Zukunftsgipfel Publishing
Auf dem digitalen Zukunftsgipfel Publishing am 25. April wurden von den Publisher Consultants Markus Wilhelm und Olaf Deconinck moderiert viele nützliche Informationen zur Nachhaltigkeit in der Buchbranche präsentiert und angeregt diskutiert. Ein Bericht von Meiken Endruweit.
In seiner Eröffnungsrede betonte Peter Kraus vom Cleff (Hauptgeschäftsführer Börsenverein des Deutschen Buchhandel), dass Nachhaltigkeit eine Chance biete, sich der eigenen Potenziale bewusst zu werden. Um diesen Prozess zu unterstützen, habe der Börsenverein die IG Nachhaltigkeit gegründet. Themen der Nachhaltigkeit, die die Buchbranche besonders unterstützen und verfolgen, seien die Meinungsfreiheit wie auch die Vielfalt – der Meinungen, der Autor*innen, der Verlage, der Zeitungen und Zeitschriften. Er schloss mit der Feststellung, dass Nachhaltigkeit als Zukunftskunst zu sehen sei.
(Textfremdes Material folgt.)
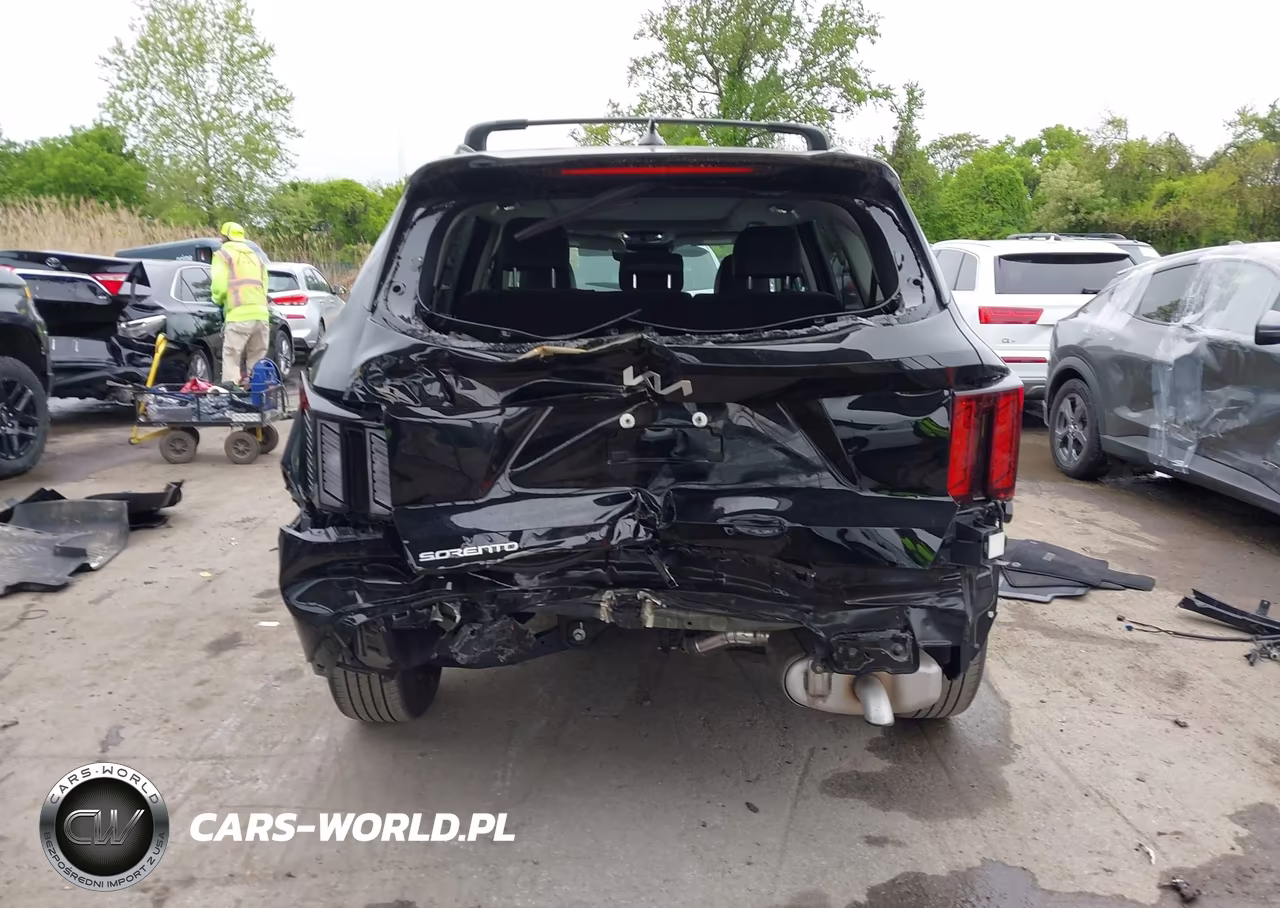 2024 Kia Sorento S VIN:5XYRL4JC9RG282869 - 17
Es folgte eine Darstellung aus der Praxis. Katja Meinecke-Meurer (Geschäftsführerin Tessloff) berichtete, warum ihr Verlag das Thema Nachhaltigkeit so umfassend angegangen ist, obwohl der Verlag aufgrund seiner Größe nicht berichtspflichtig wäre. Die intrinsische Motivation sei, dass der Verlag, d. h. die Autor*innen wie auch die Mitarbeiter*innen dafür stehen, sich um die Zukunft zu kümmern – zum einen, weil sie Kinderbücher herstellen, zum anderen, weil sie den Dingen wissenschaftlich auf den Grund gingen. Weiter sei es eine Frage des Risk-Managements: Die relevanten Risiken des bevorstehenden Klimawandels auf das wirtschaftliche Handel müssten berücksichtigt werden wie auch die geschäftlichen Risiken – Stichwort (zukünftige) Gewinnung von Mitarbeiter*innen ebenso wie Bestandhaben in den Lieferketten-bedingten Berichtspflichten. Dabei sieht Meinecke-Meurer den Verlag nicht als Einzelkämpfer, sondern fordert, dass die Buchbranche ein gemeinsames Ziel formuliert: Wo wollen wir als Branche stehen? Weltweit sei das Klimaziel auf 1,5 °C festgelegt – die Buchbranche sei zurzeit bei 4–6 °C. Tessloff habe inzwischen einen Weg gefunden für ein Wirtschaften, um zu 1,5 °C zu gelangen, also könne das die gesamte Branche auch schaffen.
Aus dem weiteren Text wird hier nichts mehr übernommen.